Work item -
Only one span is wanted from the lines below: from the one with "This is a follow-up" up to and including the one with "Recall the LIATE". Copy it exactly, without images.

Materials provided -

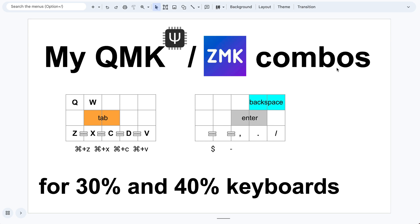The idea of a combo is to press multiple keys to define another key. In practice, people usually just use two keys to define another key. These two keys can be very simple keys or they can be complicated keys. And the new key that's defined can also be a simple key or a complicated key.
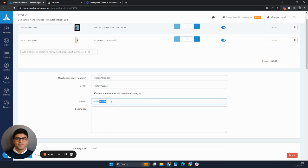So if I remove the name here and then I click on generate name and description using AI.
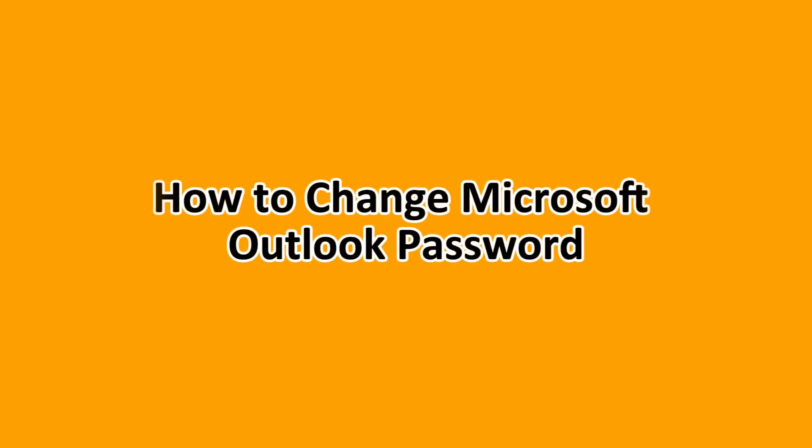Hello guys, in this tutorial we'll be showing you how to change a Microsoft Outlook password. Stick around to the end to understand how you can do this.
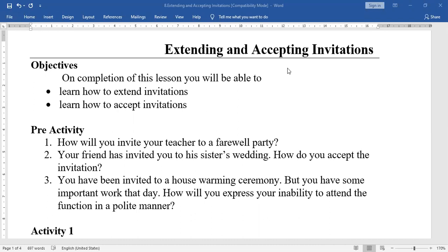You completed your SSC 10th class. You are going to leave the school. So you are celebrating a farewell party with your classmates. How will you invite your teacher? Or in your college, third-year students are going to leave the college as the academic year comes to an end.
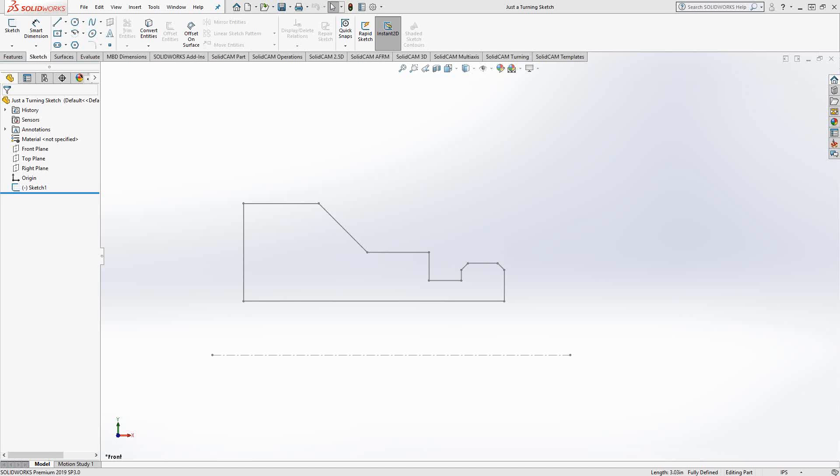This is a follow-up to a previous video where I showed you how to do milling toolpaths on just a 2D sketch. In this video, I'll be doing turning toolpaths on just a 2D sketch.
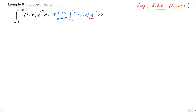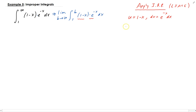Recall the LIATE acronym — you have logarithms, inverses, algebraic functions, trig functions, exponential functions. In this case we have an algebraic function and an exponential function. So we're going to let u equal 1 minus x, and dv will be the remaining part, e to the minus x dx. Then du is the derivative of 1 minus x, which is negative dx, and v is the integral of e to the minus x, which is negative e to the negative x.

==

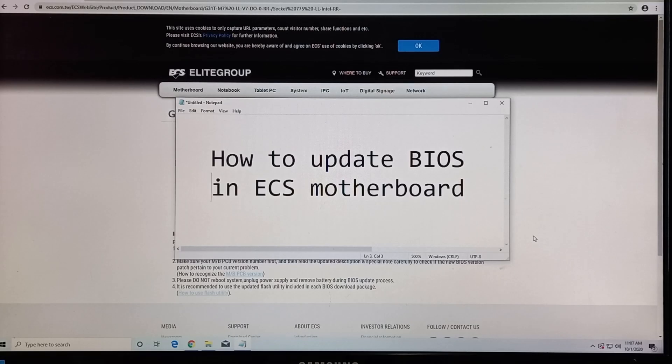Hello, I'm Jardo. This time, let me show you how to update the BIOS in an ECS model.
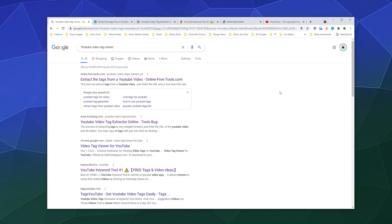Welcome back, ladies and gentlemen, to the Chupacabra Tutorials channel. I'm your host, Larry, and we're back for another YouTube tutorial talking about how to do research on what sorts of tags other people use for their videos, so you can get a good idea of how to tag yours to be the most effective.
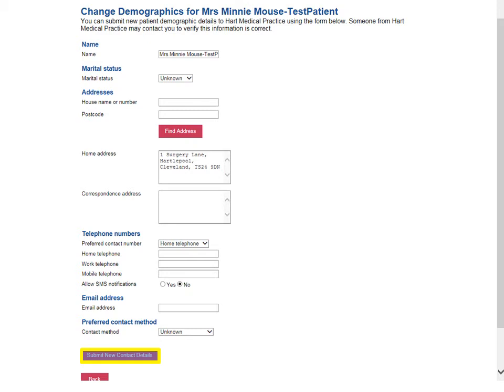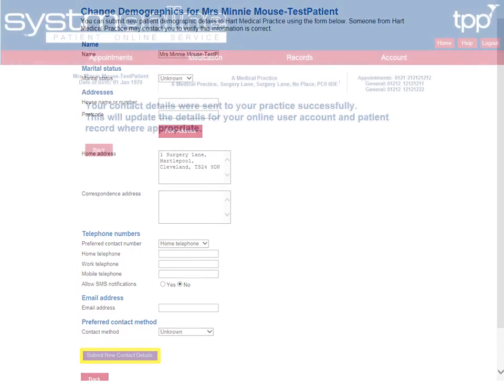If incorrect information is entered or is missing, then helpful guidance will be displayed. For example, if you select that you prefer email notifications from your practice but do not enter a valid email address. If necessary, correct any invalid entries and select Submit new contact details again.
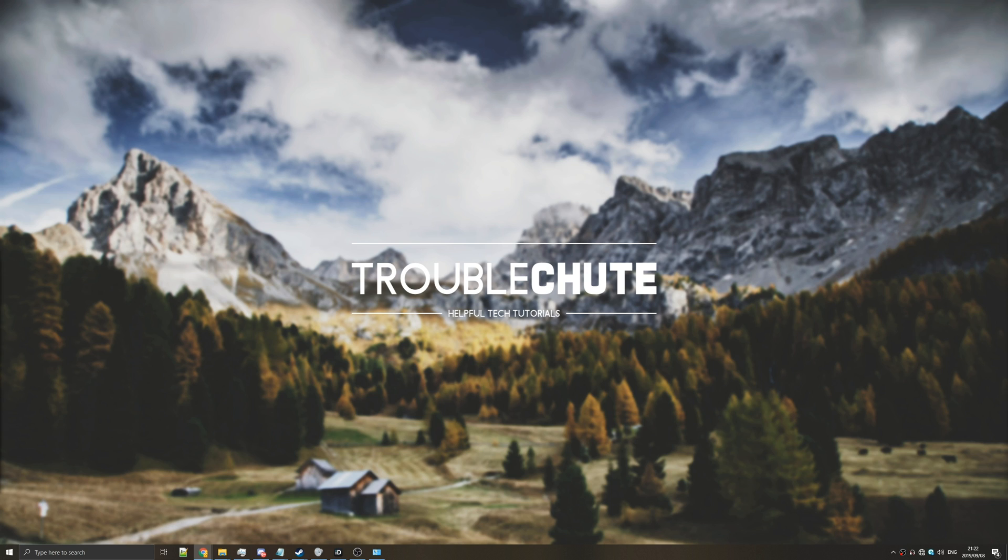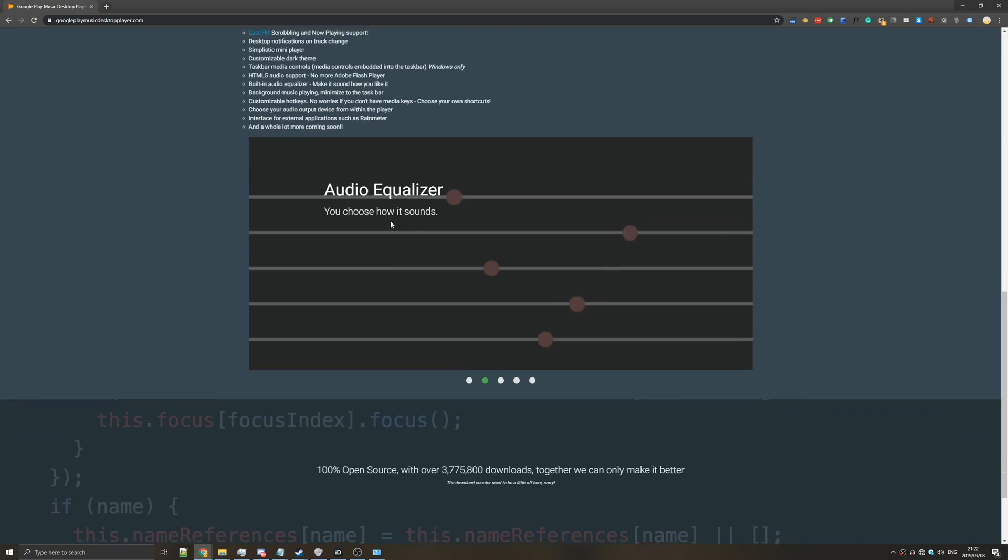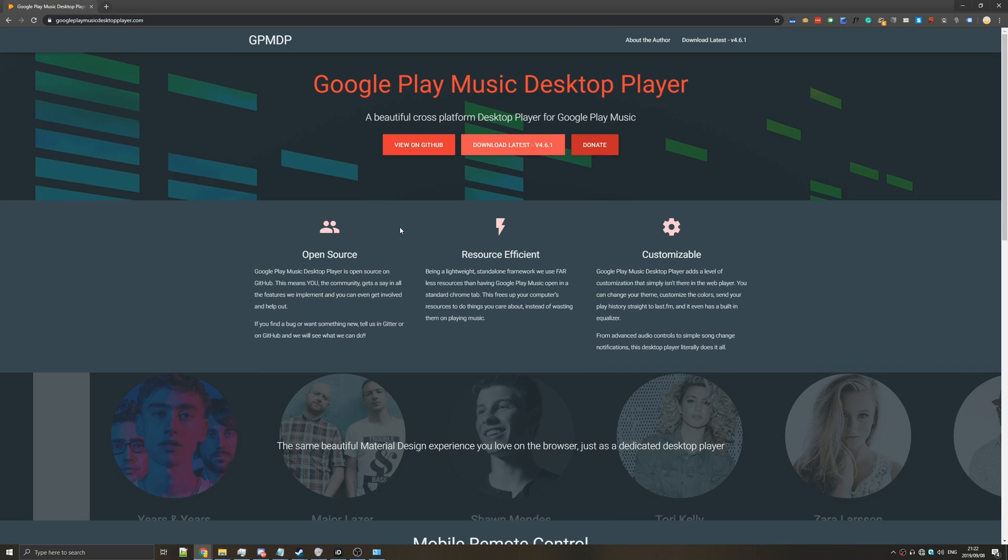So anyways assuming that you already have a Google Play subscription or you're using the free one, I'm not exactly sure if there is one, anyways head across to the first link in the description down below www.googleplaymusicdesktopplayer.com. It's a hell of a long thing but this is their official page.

Reply to the task -
This is a follow-up to a previous video where I showed you how to do milling toolpaths on just a 2D sketch. In this video, I'll be doing turning toolpaths on just a 2D sketch.
Recall the LIATE acronym — you have logarithms, inverses, algebraic functions, trig functions, exponential functions. In this case we have an algebraic function and an exponential function. So we're going to let u equal 1 minus x, and dv will be the remaining part, e to the minus x dx. Then du is the derivative of 1 minus x, which is negative dx, and v is the integral of e to the minus x, which is negative e to the negative x.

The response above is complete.